Outliving her discoverers and with a career spanning the Victorian Era, under the care of a succession of Edinburgh naturalists, the beadlet sea anemone (Actini equina), affectionately known as Granny passed away on this day in 1887 at the advanced age of sixty-seven—though reports of her death were embargoed for the public good until October, with lengthy obituaries first published by The Scotsman and then The New York Times.
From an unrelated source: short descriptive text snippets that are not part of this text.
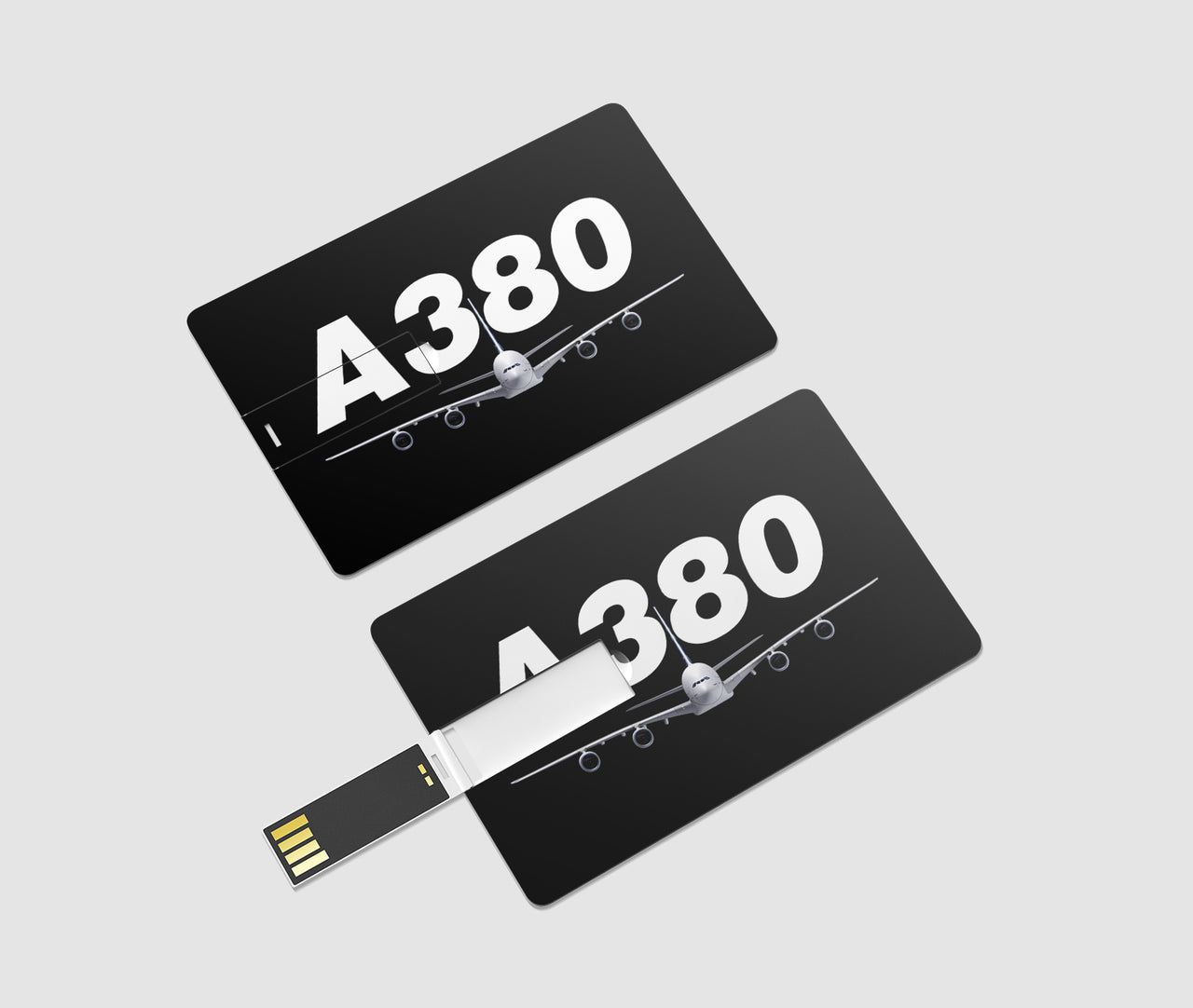 Super Airbus A380 Designed USB Cards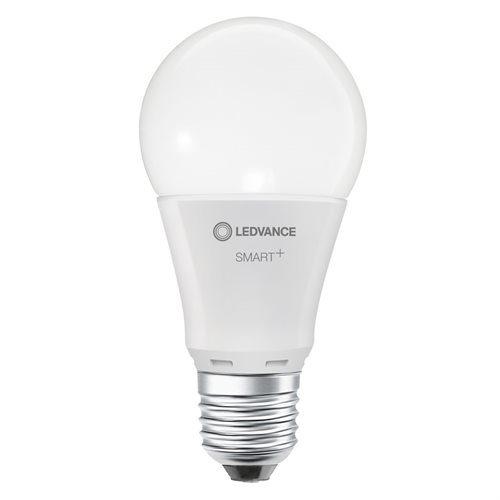 LED Pære Smart+ WiFi 9,5W E27 White Mat Ledvance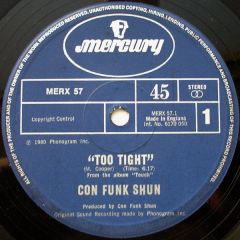 Con Funk Shun - Con Funk Shun - Too Tight - Mercury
Receiving many distinguished visitors, as evinced by a guest book with over a thousand entries, Granny, whom was collected as a mature specimen off the shores of North Berwick, is credited with educational reform, igniting popular interest in the sciences outside of professional and specialist circles, and inviting Victorians to bring nature into their homes, with various fashions from houseplants to terraria and aquaria and imparted a sense of curiosity, albeit kept, that advanced understanding and appreciation of marine ecology.

pending adjournment (12. 633)

Though both Republicans and Democrats regularly engage in gerrymandering, depending on the party in power when it comes time for redrawing the boundaries of voting precincts (normally conducted during a pre-set period follow a national decennial census—which some states attempting to remove partisanship from the process of re-districting altogether by soliciting a neural third party to set apportionment), rarely has such a push been made off-cycle and so transparently to disenfranchise Democrat-leaning districts than what is now happening in Texas with Democratic state legislators having fled to Chicago in order that the bicameral congress does not meet quorum and cannot proceed with voting to affirm the changes to the electoral map. Through the state’s governor, Trump has explicitly ordered redistricting in order to eliminate solidly Democratic areas and redistribute a sixty-forty percentile spread over all voting precincts so as markedly reduce the chances of Democrats of the Congress retaining their seats in the mid-terms and not dilute historically GOP-leaning areas—based on a calculus of by what percentage Trump carried the districts. This extreme measure by Texas Democrats is only a temporary delay tactic as they cannot wait out the entire special session called for deciding this issue and face daily fines for the absence. Had they remained within the state and not this self-imposed exile, state troopers could summon them to the capitol and compel their participation. With only the narrowest of majorities in both the House and the Senate, state legislators of other jurisdictions may try this manoeuvres after seeing how Texas combats truancy and forces the matter. Meanwhile, the Democratic caucus is entertaining countermeasures in kind, acknowledging that changing the rules and demographic landscape ahead of the election in eighteen months is not how democracy works, but also realising that further sidelining the minority party by minoritarian strategies is more unacceptable and they can’t roll over again and again.